▶ WORK INSTRUCTION
Each line below that contains the word "Foto" must be copied.

▶ DATA EXTRACT
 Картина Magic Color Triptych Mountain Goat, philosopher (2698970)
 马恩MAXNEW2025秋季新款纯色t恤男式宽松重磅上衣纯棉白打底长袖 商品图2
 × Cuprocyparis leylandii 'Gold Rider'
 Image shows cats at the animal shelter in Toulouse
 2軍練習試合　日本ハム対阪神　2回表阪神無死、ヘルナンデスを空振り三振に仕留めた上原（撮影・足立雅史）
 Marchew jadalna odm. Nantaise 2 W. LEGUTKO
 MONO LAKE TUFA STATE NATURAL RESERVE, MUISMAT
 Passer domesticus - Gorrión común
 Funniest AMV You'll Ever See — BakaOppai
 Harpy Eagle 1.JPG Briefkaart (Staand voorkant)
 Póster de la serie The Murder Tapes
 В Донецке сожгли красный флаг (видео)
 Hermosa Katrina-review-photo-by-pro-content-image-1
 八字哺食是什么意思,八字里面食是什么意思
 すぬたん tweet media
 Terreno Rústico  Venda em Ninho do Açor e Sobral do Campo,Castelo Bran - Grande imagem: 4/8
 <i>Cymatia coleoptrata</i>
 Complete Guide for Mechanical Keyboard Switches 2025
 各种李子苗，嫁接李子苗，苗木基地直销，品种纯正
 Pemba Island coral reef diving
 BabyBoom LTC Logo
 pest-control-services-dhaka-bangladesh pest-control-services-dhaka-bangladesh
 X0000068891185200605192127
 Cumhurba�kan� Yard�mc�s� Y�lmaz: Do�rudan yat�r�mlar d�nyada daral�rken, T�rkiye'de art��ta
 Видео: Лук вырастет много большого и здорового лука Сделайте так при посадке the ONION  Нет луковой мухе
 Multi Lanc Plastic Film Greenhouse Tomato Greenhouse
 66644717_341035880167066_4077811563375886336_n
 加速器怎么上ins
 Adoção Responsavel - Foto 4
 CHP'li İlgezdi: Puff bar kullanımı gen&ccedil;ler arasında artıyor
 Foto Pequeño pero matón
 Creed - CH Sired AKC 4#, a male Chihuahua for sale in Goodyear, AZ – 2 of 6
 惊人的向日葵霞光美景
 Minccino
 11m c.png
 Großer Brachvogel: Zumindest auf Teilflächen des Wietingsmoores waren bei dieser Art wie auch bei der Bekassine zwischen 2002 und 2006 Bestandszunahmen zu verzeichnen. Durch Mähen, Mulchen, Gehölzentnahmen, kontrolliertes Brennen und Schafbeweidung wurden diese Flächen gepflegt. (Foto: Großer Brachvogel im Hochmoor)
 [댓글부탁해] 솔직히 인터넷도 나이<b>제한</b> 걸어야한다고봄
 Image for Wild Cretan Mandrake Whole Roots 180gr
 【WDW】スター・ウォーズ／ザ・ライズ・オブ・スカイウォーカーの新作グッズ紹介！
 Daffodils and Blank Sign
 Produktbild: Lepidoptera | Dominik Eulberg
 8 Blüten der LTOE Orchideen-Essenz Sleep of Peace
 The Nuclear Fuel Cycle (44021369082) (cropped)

▶ ANSWER TO THIS TASK
 Adoção Responsavel - Foto 4
 Foto Pequeño pero matón
 Großer Brachvogel: Zumindest auf Teilflächen des Wietingsmoores waren bei dieser Art wie auch bei der Bekassine zwischen 2002 und 2006 Bestandszunahmen zu verzeichnen. Durch Mähen, Mulchen, Gehölzentnahmen, kontrolliertes Brennen und Schafbeweidung wurden diese Flächen gepflegt. (Foto: Großer Brachvogel im Hochmoor)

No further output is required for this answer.